Résumé de la décision
M. C A et Mme B Simon, conseillers municipaux de Montigny-Lès-Metz, ont demandé l'annulation d'une délibération du conseil municipal du 25 juin 2020, qui approuvait la mise à disposition d'un véhicule de fonction au directeur général des services de la commune. Ils ont également demandé au maire de répondre à leurs questions concernant cette mise à disposition. La commune a contesté la recevabilité de la requête et a demandé son rejet, ainsi qu'une indemnité. Le tribunal a rejeté la requête des requérants, considérant qu'ils n'avaient pas établi l'illégalité de la délibération et qu'il n'y avait pas d'obligation pour le maire de répondre à leurs questions.
Arguments pertinents
1. Recevabilité de la requête : Le tribunal a noté que les requérants n'ont pas fourni d'éléments prouvant l'illégalité de la délibération contestée. Il a souligné que "M. A et Mme Simon, conseillers municipaux, n'apportent aucun élément de nature à établir que la délibération du 25 juin 2020 [...] serait entachée d'illégalité."
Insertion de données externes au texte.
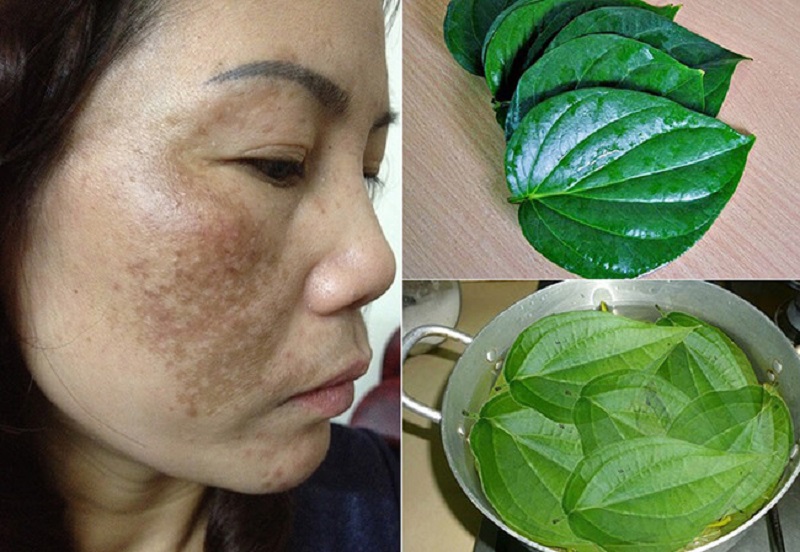Top 20+ Cách Chữa Nám Da Mặt Bằng Lá Trầu Không Top 8 cách trị nám bằng lá trầu không tại nhà hiệu quả 33 Lá trầu không có thành phần tốt cho da và hỗ trợ trị nám an toàn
2. Droit à l'information : Le tribunal a également précisé qu'il n'existe pas de texte imposant au maire de répondre aux questions des conseillers municipaux, ce qui a conduit à rejeter la demande d'injonction.
3. Frais de justice : Concernant les frais de justice, le tribunal a décidé qu'il n'y avait pas lieu de faire droit aux demandes de la commune sur ce point, en raison des circonstances de l'affaire.
Interprétations et citations légales
1. Légalité de l'attribution d'un véhicule de fonction : Le tribunal s'est référé à l'article 21 de la loi n° 90-1067 du 28 novembre 1990, modifiée par la loi n° 2002-276 du 27 février 2002, qui autorise l'attribution d'un véhicule de fonction aux directeurs généraux des services dans les communes de plus de 5 000 habitants. Cette disposition a été interprétée comme justifiant la légalité de la délibération contestée.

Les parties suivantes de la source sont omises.